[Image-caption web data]
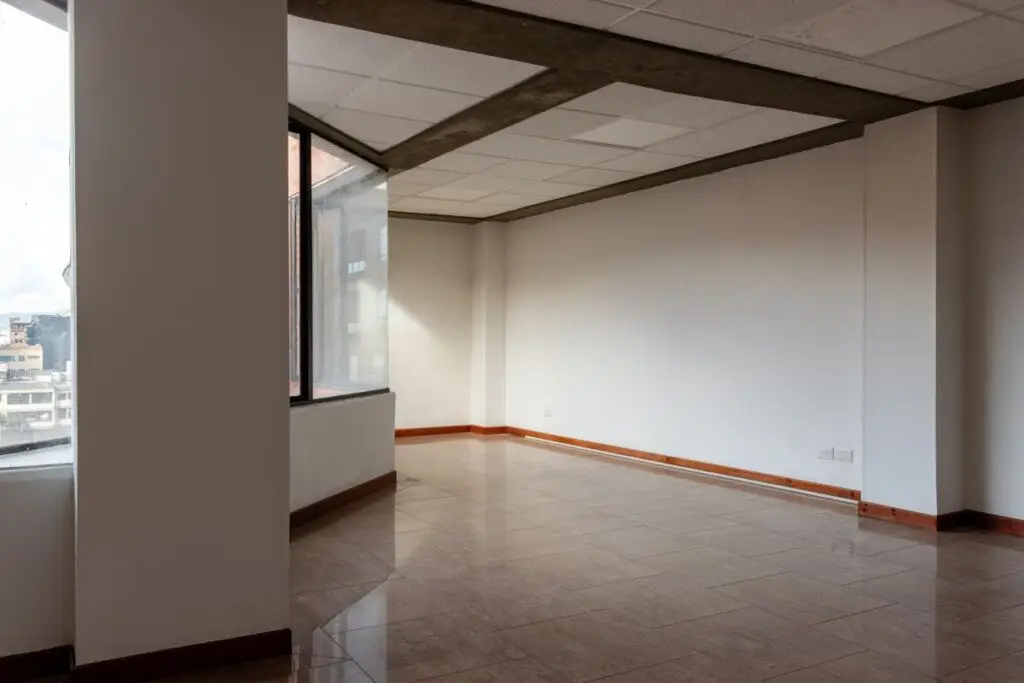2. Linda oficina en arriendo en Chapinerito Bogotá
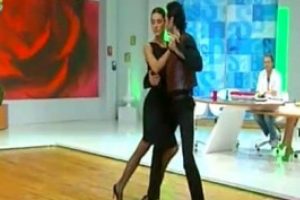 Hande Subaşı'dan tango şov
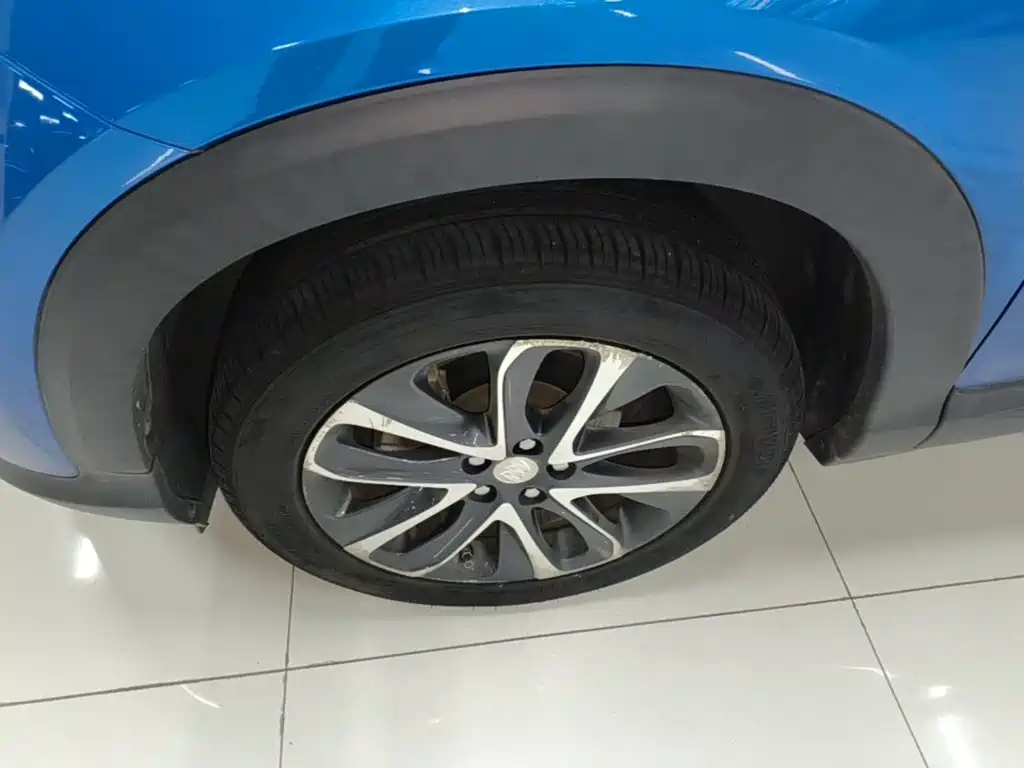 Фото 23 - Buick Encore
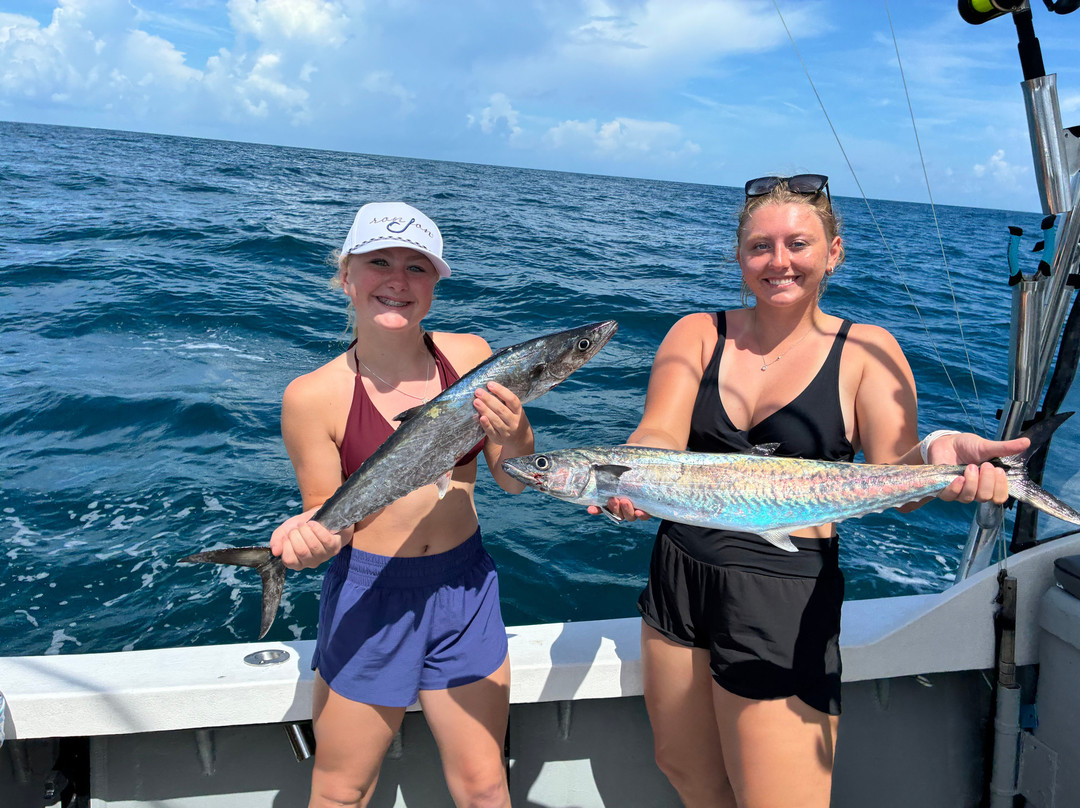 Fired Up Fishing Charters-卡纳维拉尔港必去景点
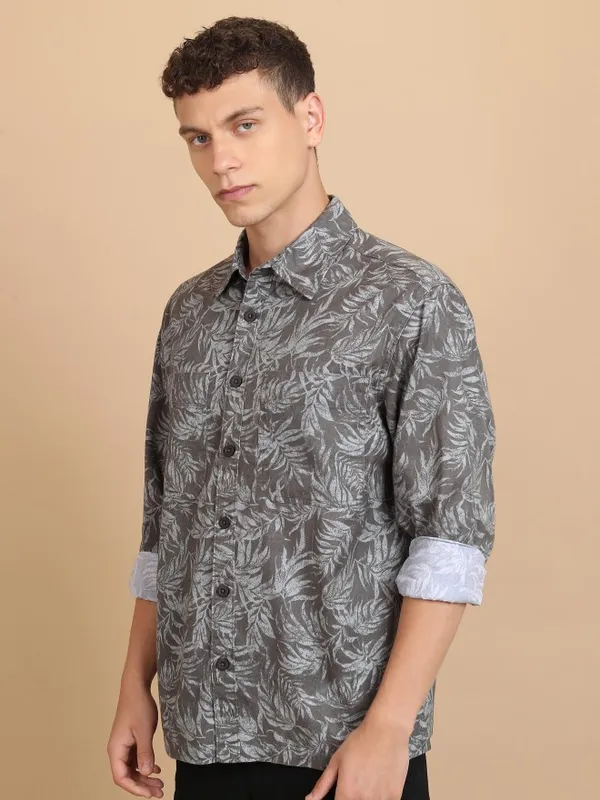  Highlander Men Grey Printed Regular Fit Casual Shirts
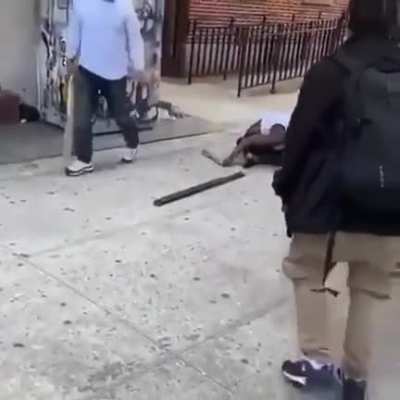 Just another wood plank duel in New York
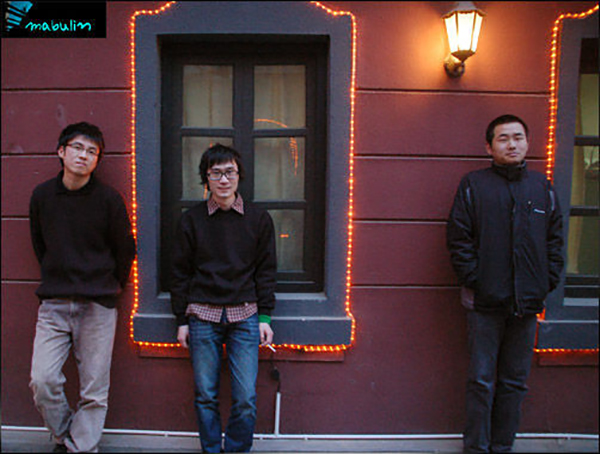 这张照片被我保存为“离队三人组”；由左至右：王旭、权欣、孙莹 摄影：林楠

TASK INSTRUCTIONS
Exactly the lines from the one containing "Highlander Men Grey" to the end of the records above, both end lines included, are to be printed, and no pictures with them.

EXERCISE SOLUTION
  Highlander Men Grey Printed Regular Fit Casual Shirts
 Just another wood plank duel in New York
 这张照片被我保存为“离队三人组”；由左至右：王旭、权欣、孙莹 摄影：林楠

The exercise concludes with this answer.